Nel corso della sua lunga carriera l’ex «Bambino» della politica pugliese, che esordì a 19 anni dopo la morte del padre Salvatore, ha collezionato più ricuciture che strappi, nel nome del democristianissimo principio «la corda non va mai tirata fino in fondo». L’unica rottura che la memoria non può offuscare è quella con Silvio Berlusconi, anche se, come lui stesso ha tante volte ricordato, «poi ho recuperato». Se dovesse definire il suo rapporto con la presidente della Commissione pescherebbe dal vocabolario l’aggettivo «ottimo». Da quando, nel 2019, lui era copresidente del gruppo dei Conservatori e von der Leyen incontrava i capigruppo a Strasburgo una volta al mese.
«L’esperienza di lungo corso di Fitto potrà essere di aiuto per le politiche di crescita e gli investimenti», lo ha gratificato a caldo la presidente Ue. L’incarico che lei gli ha affidato dopo settimane di alti e bassi e trattative incandescenti lo ha «onorato» e il commissario italiano incaricato l’ha ringraziata pubblicamente «per la stima e la fiducia». Aver rafforzato le sue deleghe con una vicepresidenza esecutiva è «un grande riconoscimento per l’Italia». E Fitto promette che, se passerà l’esame, eserciterà il ruolo «con il massimo impegno e nel pieno rispetto dei Trattati e del loro spirito, nella consapevolezza che i prossimi cinque anni saranno fondamentali per il futuro dell’Ue e dei suoi cittadini».
Una delle novità più rilevanti, rispetto alle attese, è che Fitto dovrà gestire i fondi dei Pnrr dei 27 Paesi in condominio con il ministro europeo per l’Economia e la produttività, il veterano della squadra Valdis Dombrovskis.
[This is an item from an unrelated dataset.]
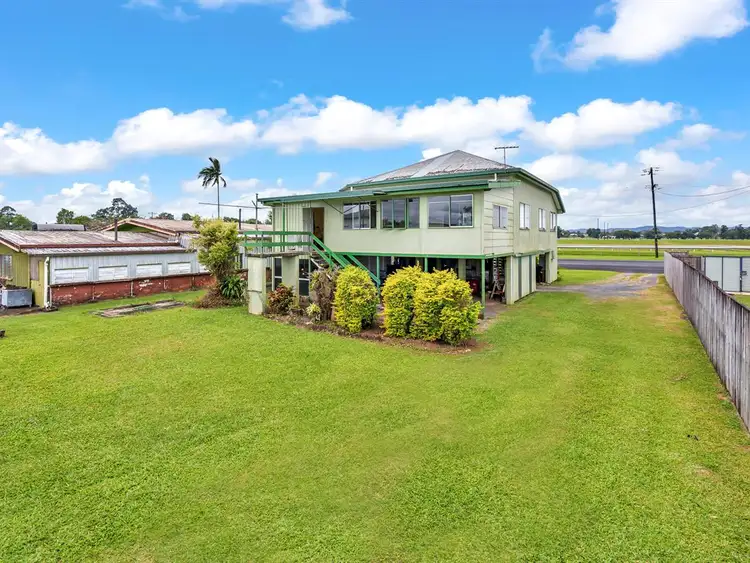 Third view of Homely house listing, 24 ASH STREET, Innisfail QLD 4860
Il Pd parla di «sconfitta per la premier e per l’Italia» e sottolinea come Fitto non abbia ottenuto le deleghe che Giorgia Meloni voleva. Lui invece, se pur fosse deluso, non lo darebbe mai a vedere. Perché la sola delega alla Coesione vale 400 miliardi di soldi a fondo perduto nella programmazione 2021-2027 e altrettanti in quella 2028-2034 e perché pensa che Ursula von der Leyen sia riuscita a trovare un «equilibrio intelligente» tra falchi e spendaccioni: un commissario del Nord che garantisce gli Stati frugali e uno del Sud, più aperto all’idea di fare nuovo debito comune.
La giornata che sognava da mesi, Raffaele Fitto l’ha trascorsa tra il suo ufficio al ministero e Palazzo Chigi, dove ha commentato con la leader di FdI il «risultato gigantesco», ha incassato l’applauso dei colleghi di governo nel chiuso del Cdm e presenziato alla cerimonia dell’Accordo di coesione con la Campania. Una firma che ha messo fine al clamoroso scontro con il presidente della Regione, Vincenzo De Luca.
Adesso il problema di Giorgia Meloni è il dopo Fitto, che comporterà un altro tassello del rimpasto avviato con Giuli al posto di Gennaro Sangiuliano alla Cultura. Il dilemma, che la premier fatica a risolvere, è trovare ora un ministro per il Pnrr e un paio di sottosegretari a cui affidare Affari europei, Coesione e Sud.